Introduction

What is The New Yorker? I know it’s a great magazine and that it’s a tremendous source of pleasure in my life. But what exactly is it? This blog’s premise is that The New Yorker is a work of art, as worthy of comment and analysis as, say, Keats’s “Ode on a Grecian Urn.” Each week I review one or more aspects of the magazine’s latest issue. I suppose it’s possible to describe and analyze an entire issue, but I prefer to keep my reviews brief, and so I usually focus on just one or two pieces, to explore in each the signature style of its author. A piece by Nick Paumgarten is not like a piece by Jill Lepore, and neither is like a piece by Ian Frazier. One could not mistake Collins for Seabrook, or Bilger for Goldfield, or Mogelson for Kolbert. Each has found a style, and it is that style that I respond to as I read, and want to understand and describe.

Thursday, February 20, 2020

February 17 & 24, 2020 Issue


Michaelangelo Matos’s “Night Life: Classixx,” in this week’s issue, is a beauty:

The limpid saxophone solo, redolent of eighties High Street fashion, will always have a place on the dance floor if the Los Angeles duo Classixx has anything to say about it.
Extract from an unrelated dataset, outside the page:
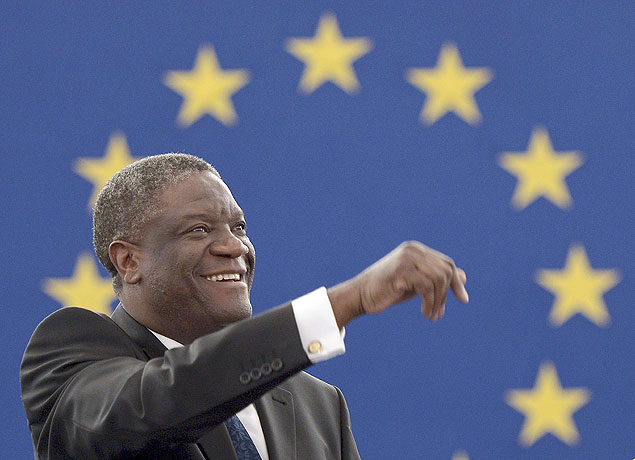 Denis Mukwege na cerimônia do Prêmio Sakharov do Parlamento Europeu, em Estrasburgo (França)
Michael David and Tyler Blake’s relaxed disco stomp and heavily filtered hooks emit the bawdy suavity of Parisian house; in December, they dedicated a live remake of their single “Love Me No More” to the late French producer Phillippe Zdar.

That “relaxed disco stomp and heavily filtered hooks emit the bawdy suavity of Parisian house” enacts the impeccable rhythm it describes.